Surprise : en débarquant en Angleterre, Alex de la Iglesia s'est affranchi de la plupart des éléments qui charpentaient son cinéma. Les laiderons ont laissé place à quelques canons (aah, Leonor Watling nue sous son tablier...), la stupidité ambiante à une atmosphère d'érudition (les héros sont des matheux), la frénésie burlesco-gore à des crimes plus classieux... Le réalisateur espagnol livre avec Crimes à Oxford un whodunit flegmatique où l'identité du coupable importe bien moins que l'ambiance.
Confirmant son statut de petit malin, Iglesia exploite un cadre typiquement british pour y orchestrer une sorte de mini commedia dell'arte qui peut légitimement séduire ou rebuter. On pourrait trouver que les acteurs sont mauvais ; seulement, il y a une forte probabilité pour que ce jeu excessif en diable soit voulu par le réalisateur.

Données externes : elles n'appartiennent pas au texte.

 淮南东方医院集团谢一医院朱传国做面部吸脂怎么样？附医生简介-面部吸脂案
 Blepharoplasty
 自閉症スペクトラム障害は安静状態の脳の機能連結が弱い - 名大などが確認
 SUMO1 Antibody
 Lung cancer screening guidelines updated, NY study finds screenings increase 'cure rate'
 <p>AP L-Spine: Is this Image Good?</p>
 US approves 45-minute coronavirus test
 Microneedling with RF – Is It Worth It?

Planqué derrière une mise en scène joliment passe-partout (hormis un plan-séquence depalmesque et parfaitement inutile), Iglesia s'emploie à faire exister ses propres obsessions et à les théâtraliser. Et s'offre quelques parenthèses savoureuses, avec ce qui ressemble de près à un court-métrage inséré au beau milieu du film, et dans lequel il se livre à la description jubilatoire et apocalyptique de l'existence d'un mathématicien devenu homme-tronc. Sans conteste le grand moment du film.

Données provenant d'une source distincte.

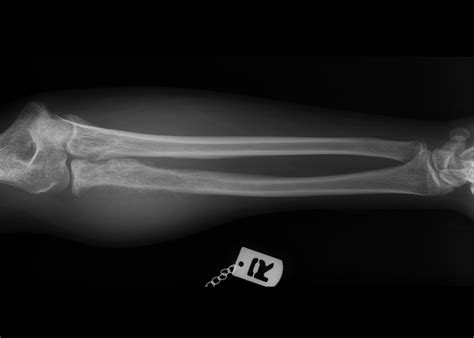 Osteosarcoma Sunburst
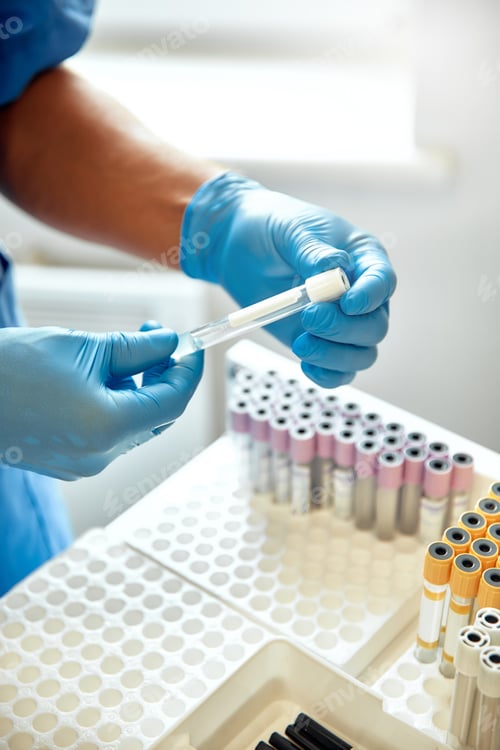 Preview: Skilled Laboratory Technician Expertly Handling Blood Test Tubes with Precision and Care
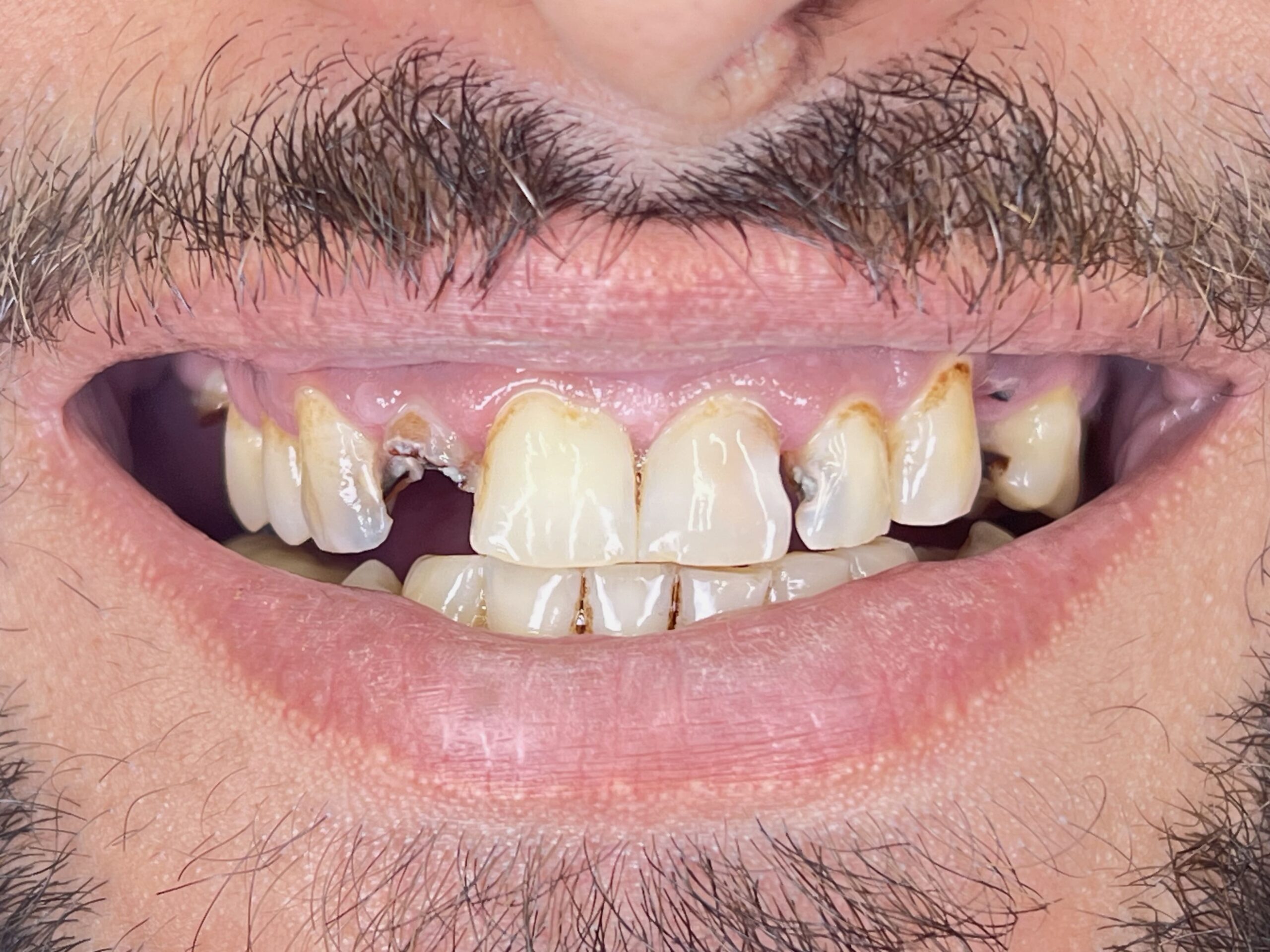 Θήκες Ζιρκονίας Before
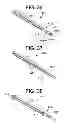 Fig. 17 - Gastric bypass devices and procedures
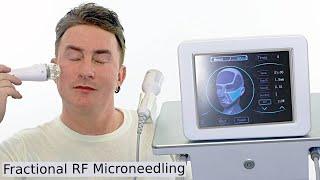 Fractional Radiofrequency Microneedling Skin Tightening | Before & After
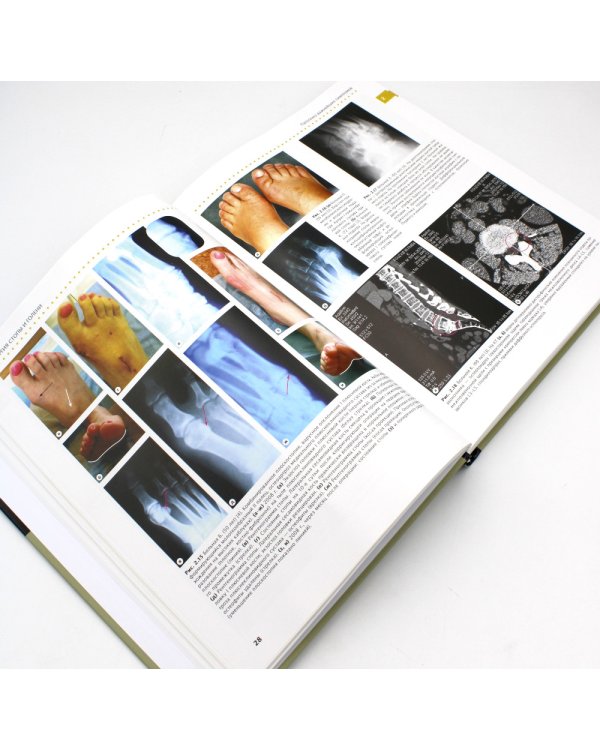 Хирургия стопы и голени. Практическое руководство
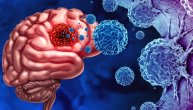 U koje doba dana su glavobolje zbog tumora na mozgu najjače: Ovi znaci se ne smeju zanemariti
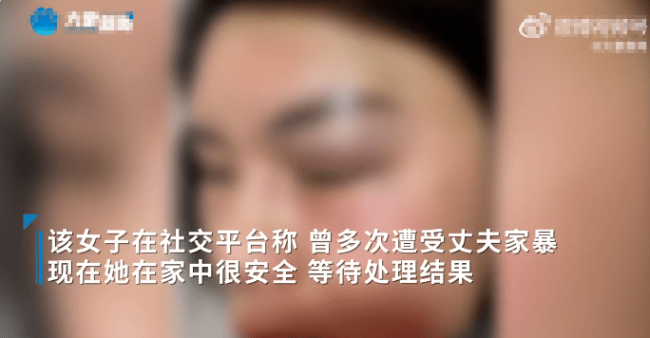 菏泽一女士自曝遭到家暴还被威胁 宠物狗柯基也被砍死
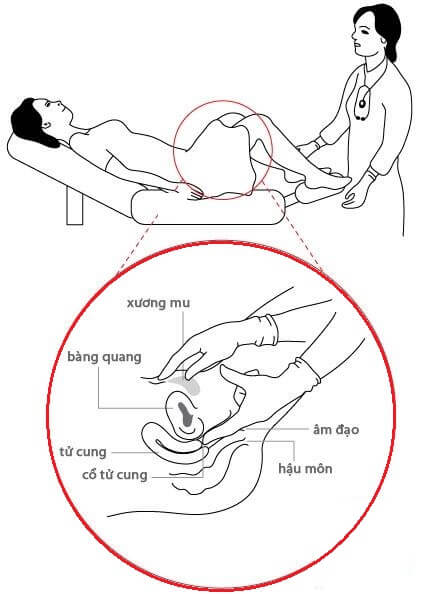 Khám vùng chậu- Một trong những phương pháp chuẩn đoán nguyên nhân sảy thai sớm liên tiếp chính xác 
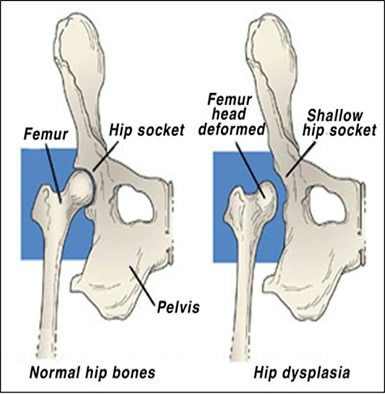 Canine Hip Dysplasia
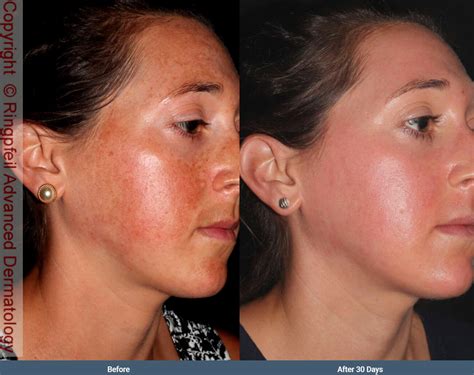 Melasma Before After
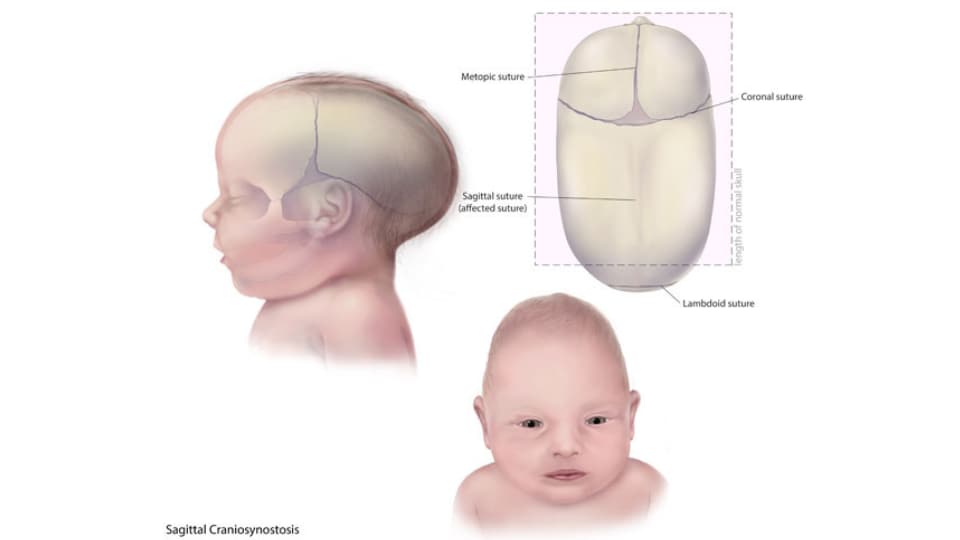 Illustration of an infant with Sagittal Craniosynostosis.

La dernière partie de Crimes à Oxford vient malheureusement gâcher la fête : subitement, Iglesia semble préoccupé par une intrigue dont il se moquait jusque là, et sa résolution est ampoulée, capillotractée et surtout trop sérieuse. La frustration est palpable ; comme souvent, ce cinéaste si attachant n'aura pas été capable de garder la même ligne de conduite pendant tout un film. Reste un divertissement plutôt fréquentable qui achèvera si besoin de démontrer que les mathématiciens sont des personnes infréquentables (à commencer par l'auteur de ces lignes).